Today I want to tell you about a special occasion, when music is even more essential for me than normal (if this is possible). I talk about writing a fictional story. Lots of you are very good writers and I am really curious, which kind of rituals you have, when you sit down to write. I guess, I will start a thread on the board about it.
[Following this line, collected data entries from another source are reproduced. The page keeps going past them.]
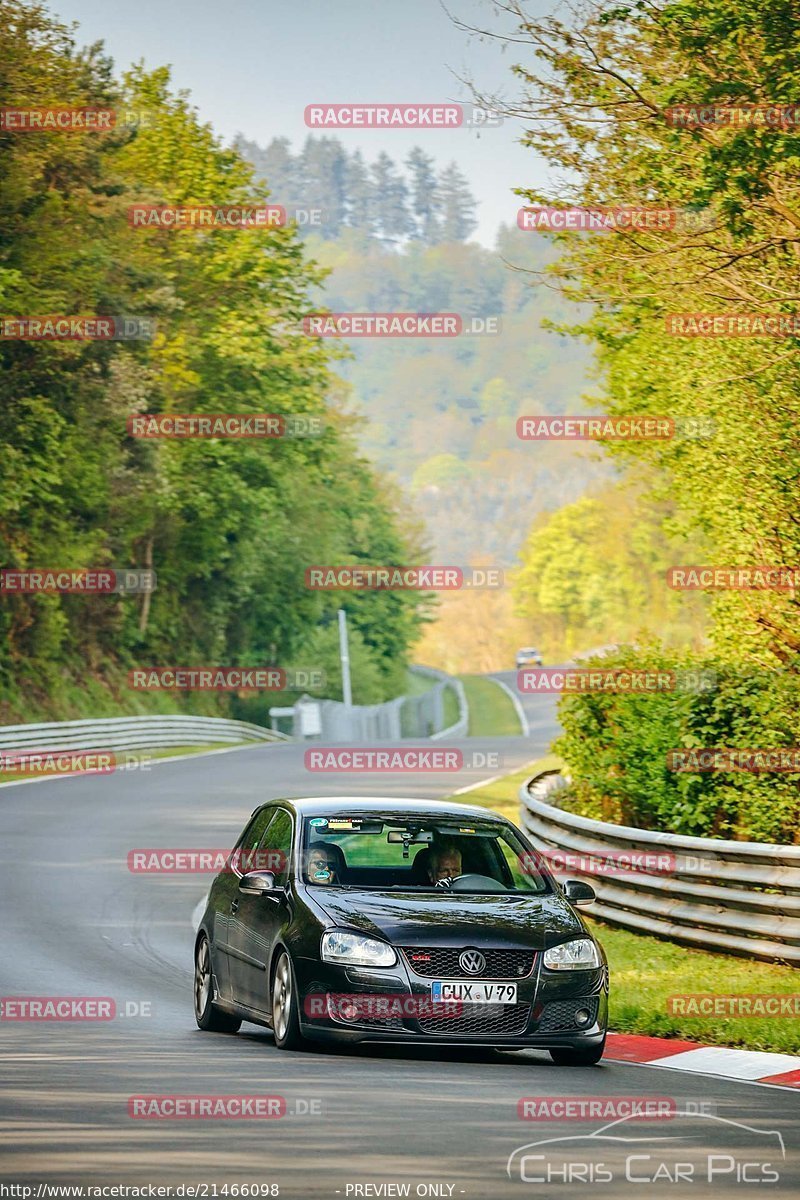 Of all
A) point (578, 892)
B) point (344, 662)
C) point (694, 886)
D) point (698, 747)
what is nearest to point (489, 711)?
point (344, 662)

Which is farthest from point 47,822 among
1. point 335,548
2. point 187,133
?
point 335,548

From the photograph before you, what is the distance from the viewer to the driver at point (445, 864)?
1177cm

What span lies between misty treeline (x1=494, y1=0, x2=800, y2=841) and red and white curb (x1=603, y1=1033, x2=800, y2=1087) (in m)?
4.59

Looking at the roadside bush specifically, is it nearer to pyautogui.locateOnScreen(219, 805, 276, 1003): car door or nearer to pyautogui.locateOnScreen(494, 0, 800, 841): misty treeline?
pyautogui.locateOnScreen(494, 0, 800, 841): misty treeline

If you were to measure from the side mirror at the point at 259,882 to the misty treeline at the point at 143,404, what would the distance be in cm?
3350

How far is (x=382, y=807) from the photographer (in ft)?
39.7

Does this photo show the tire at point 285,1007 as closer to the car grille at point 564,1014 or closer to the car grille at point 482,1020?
the car grille at point 482,1020

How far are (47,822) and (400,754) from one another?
28.0 m

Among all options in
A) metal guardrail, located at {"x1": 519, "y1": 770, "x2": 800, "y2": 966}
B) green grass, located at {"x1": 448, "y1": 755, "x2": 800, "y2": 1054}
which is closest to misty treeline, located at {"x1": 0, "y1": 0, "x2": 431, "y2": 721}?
metal guardrail, located at {"x1": 519, "y1": 770, "x2": 800, "y2": 966}

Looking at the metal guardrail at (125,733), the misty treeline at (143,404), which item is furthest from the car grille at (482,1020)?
the misty treeline at (143,404)

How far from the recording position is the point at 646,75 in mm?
21922

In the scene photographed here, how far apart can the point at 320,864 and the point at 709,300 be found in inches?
546

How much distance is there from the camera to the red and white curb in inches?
428

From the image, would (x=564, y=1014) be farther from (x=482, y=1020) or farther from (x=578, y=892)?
(x=578, y=892) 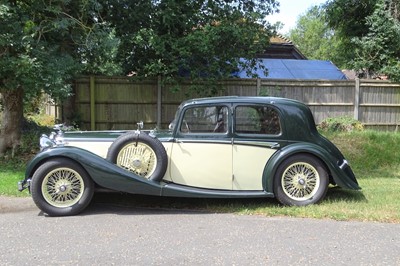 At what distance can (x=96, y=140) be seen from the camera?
6.44 m

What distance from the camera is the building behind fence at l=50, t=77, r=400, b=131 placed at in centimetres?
1317

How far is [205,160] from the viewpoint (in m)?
6.29

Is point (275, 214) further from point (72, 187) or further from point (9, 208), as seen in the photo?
point (9, 208)

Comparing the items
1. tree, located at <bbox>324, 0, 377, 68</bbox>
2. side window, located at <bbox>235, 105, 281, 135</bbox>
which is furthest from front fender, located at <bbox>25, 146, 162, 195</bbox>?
tree, located at <bbox>324, 0, 377, 68</bbox>

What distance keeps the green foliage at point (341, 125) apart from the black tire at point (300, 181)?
6.97m

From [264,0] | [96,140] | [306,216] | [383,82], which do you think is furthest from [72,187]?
[383,82]

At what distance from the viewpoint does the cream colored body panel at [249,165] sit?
6.32 metres

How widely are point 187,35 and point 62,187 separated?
713 centimetres

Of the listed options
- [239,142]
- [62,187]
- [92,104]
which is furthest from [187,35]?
[62,187]

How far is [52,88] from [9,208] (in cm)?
328

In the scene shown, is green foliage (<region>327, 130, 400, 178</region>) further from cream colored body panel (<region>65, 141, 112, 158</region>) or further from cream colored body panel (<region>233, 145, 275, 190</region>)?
cream colored body panel (<region>65, 141, 112, 158</region>)

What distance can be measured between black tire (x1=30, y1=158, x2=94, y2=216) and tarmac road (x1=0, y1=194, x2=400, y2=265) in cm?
16

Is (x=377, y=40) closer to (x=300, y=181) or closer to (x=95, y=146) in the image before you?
(x=300, y=181)

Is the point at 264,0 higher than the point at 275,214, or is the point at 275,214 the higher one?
the point at 264,0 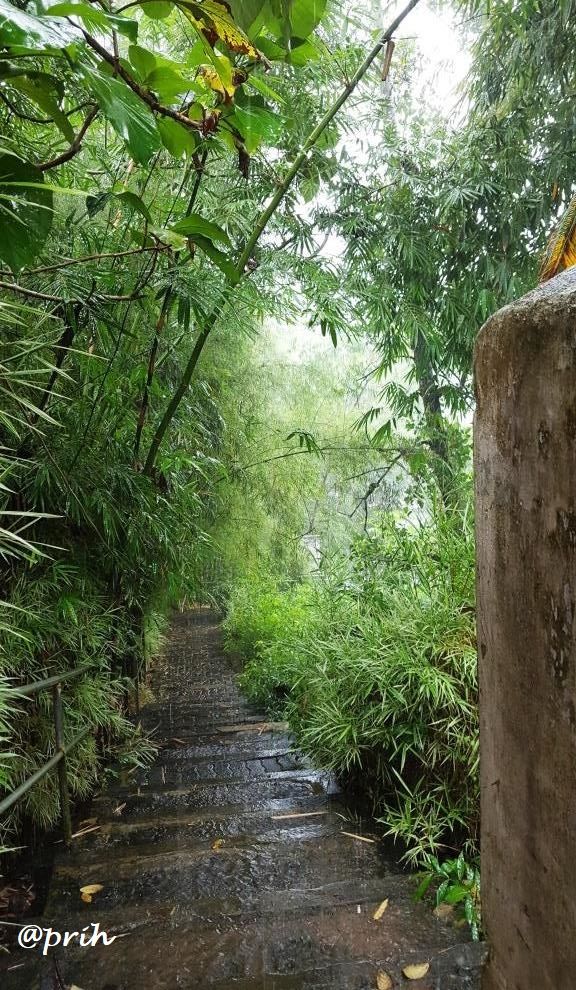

When I sit down to write, it’s very important to have the right atmosphere. I have two rooms for me in our apartment. One is my living and bedroom (I have one of these really functional bedsofas), which is packed with entertainment electronics (hello electro-smog ;) . The other rooms is my “creative place”, my “private office” I told you about in the David Bowie (attention: Bowie’s new record “Heathen” will be released in a few days!) column. This is also the place, where I write my fics. So when I go to work, I place some cookies and a big bottle of water on the table, I take care of nice lights in the room (enough at the table for my eyes and not too much in the rest of the room) – and then I choose some CDs I can put in the CD-R of my computer. Without music I cannot write a line. I need it to open my mind, to calm down, to exclude daily life trouble from the room. It doesn’t work with every kind of music. I went through my whole, not too small collection and tried all kinds of music. Some records I love most like my Black Crowes stuff for example don’t do it in this special situation. And some others, who barely fit in the normal life, are prefect – like Mercury Rev’s “Deserter’s Songs” and “All Is Dream”. And so I decided to tell you in this month’s column a bit more about this really extraordinary band.
Mercury Rev was formed back in the late 80ies in Buffalo as a sextet with Jonathan Donahue on guitar, David Baker as vocalist, clarinettist Grasshoper, bass flutist Suzanne Thorpe, bass guitarist Dave Fridman and drummer Jimmy Chamber. In the beginning it was more “a project” than a classic rock band, when Mercury Rev in the first place created soundtracks for the experimental student films of the musicians and their friends.
Parallel to Donahue’s (guitar) and Fridman’s (producer) work with the “Flaming Lips” Mercury Rev developed from a loose group of people jamming together to a real bans, who released their debut “Yerself Is Steam” signed to Rough Trade, USA. Although the record was critically acclaimed, the band could not profit from this success since RTD USA declared bankruptcy on the day of the record release and so the band was without promotion and distribution deal.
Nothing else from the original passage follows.